▼

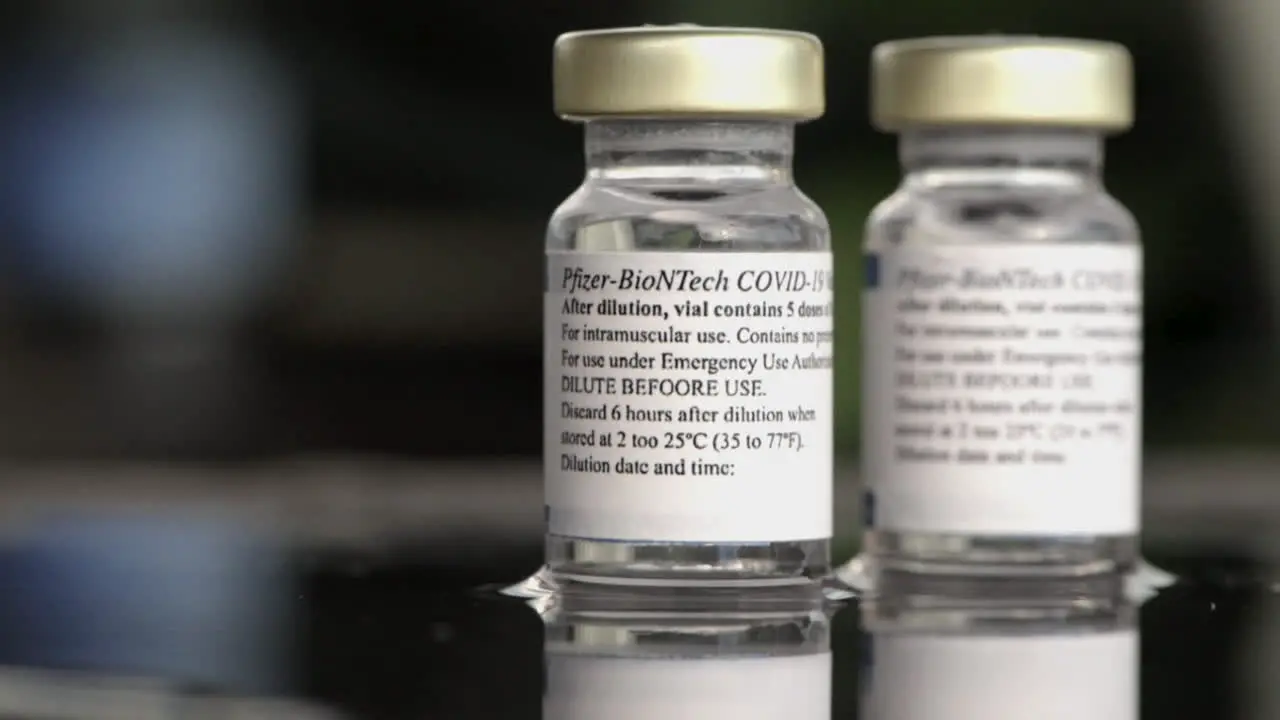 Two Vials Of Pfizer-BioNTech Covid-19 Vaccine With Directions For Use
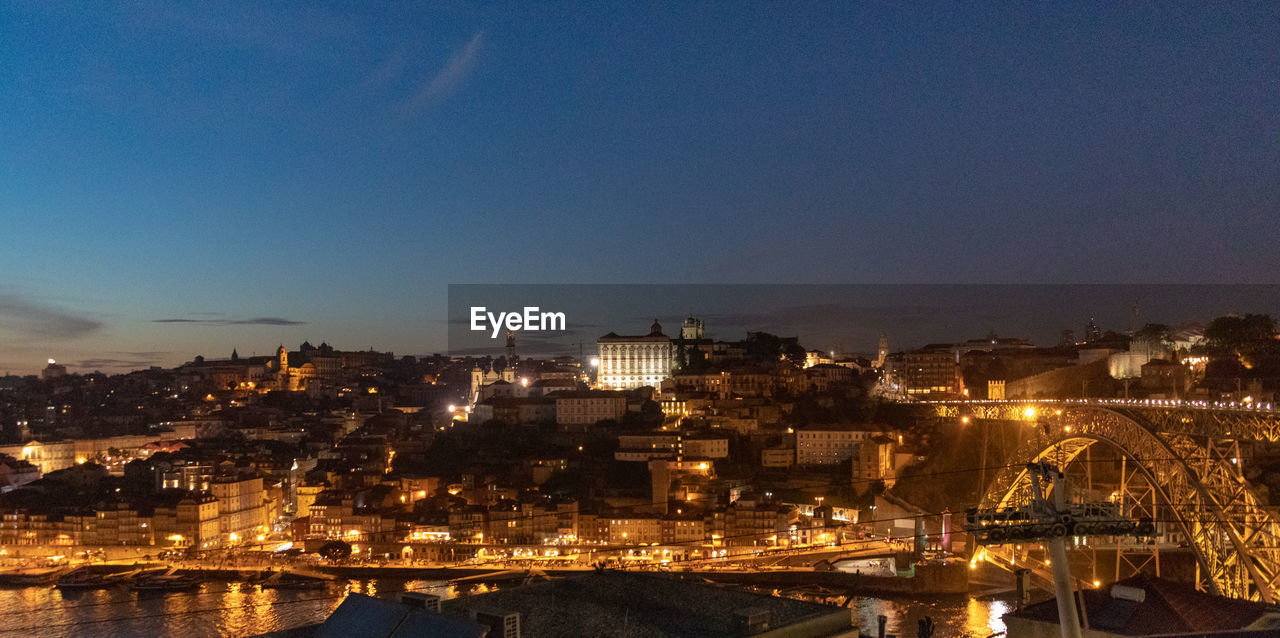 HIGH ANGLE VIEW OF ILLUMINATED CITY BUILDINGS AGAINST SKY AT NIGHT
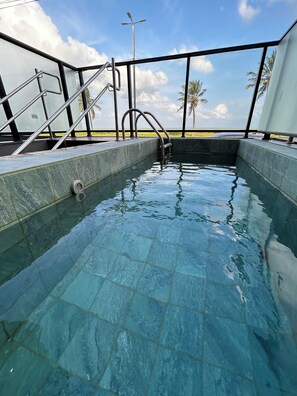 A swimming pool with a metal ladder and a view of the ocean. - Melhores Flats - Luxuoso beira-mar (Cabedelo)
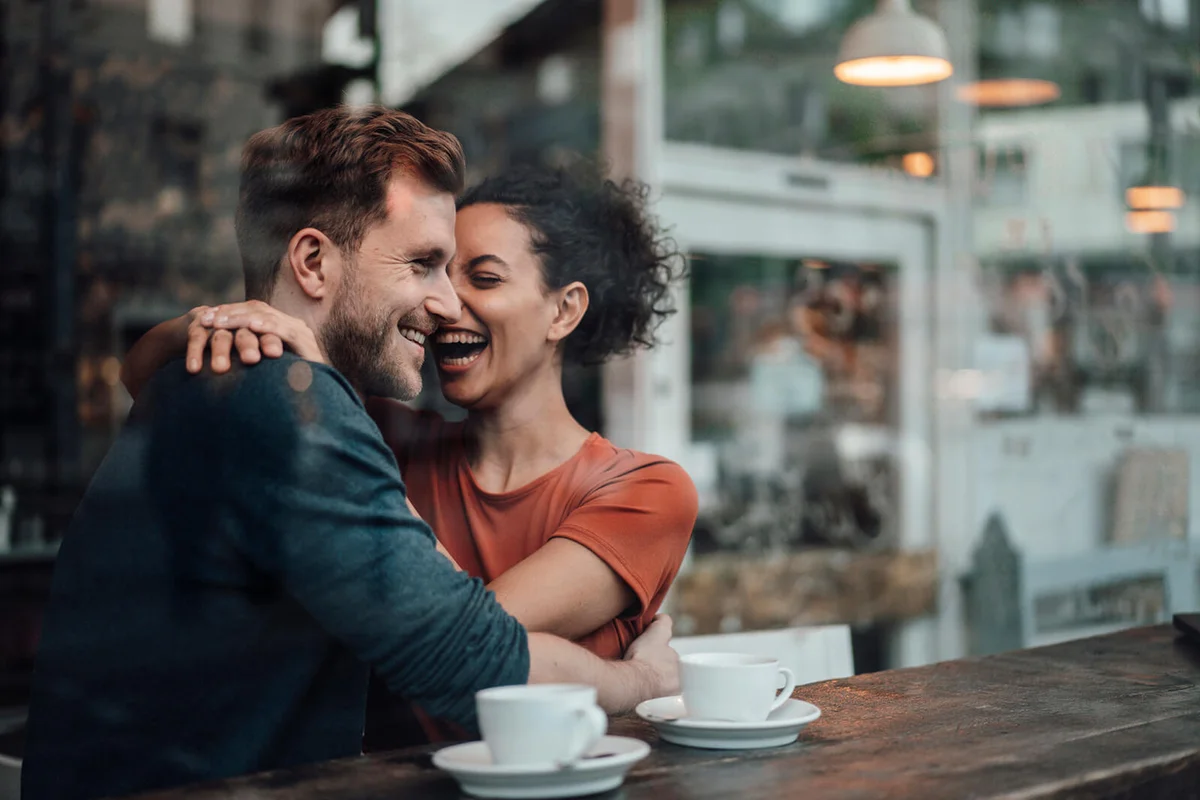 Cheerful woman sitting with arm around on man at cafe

▲

**Instructions to follow**. Every line above goes into the copy unchanged; the pictures do not.

**Result**.
 Two Vials Of Pfizer-BioNTech Covid-19 Vaccine With Directions For Use
 HIGH ANGLE VIEW OF ILLUMINATED CITY BUILDINGS AGAINST SKY AT NIGHT
 A swimming pool with a metal ladder and a view of the ocean. - Melhores Flats - Luxuoso beira-mar (Cabedelo)
 Cheerful woman sitting with arm around on man at cafe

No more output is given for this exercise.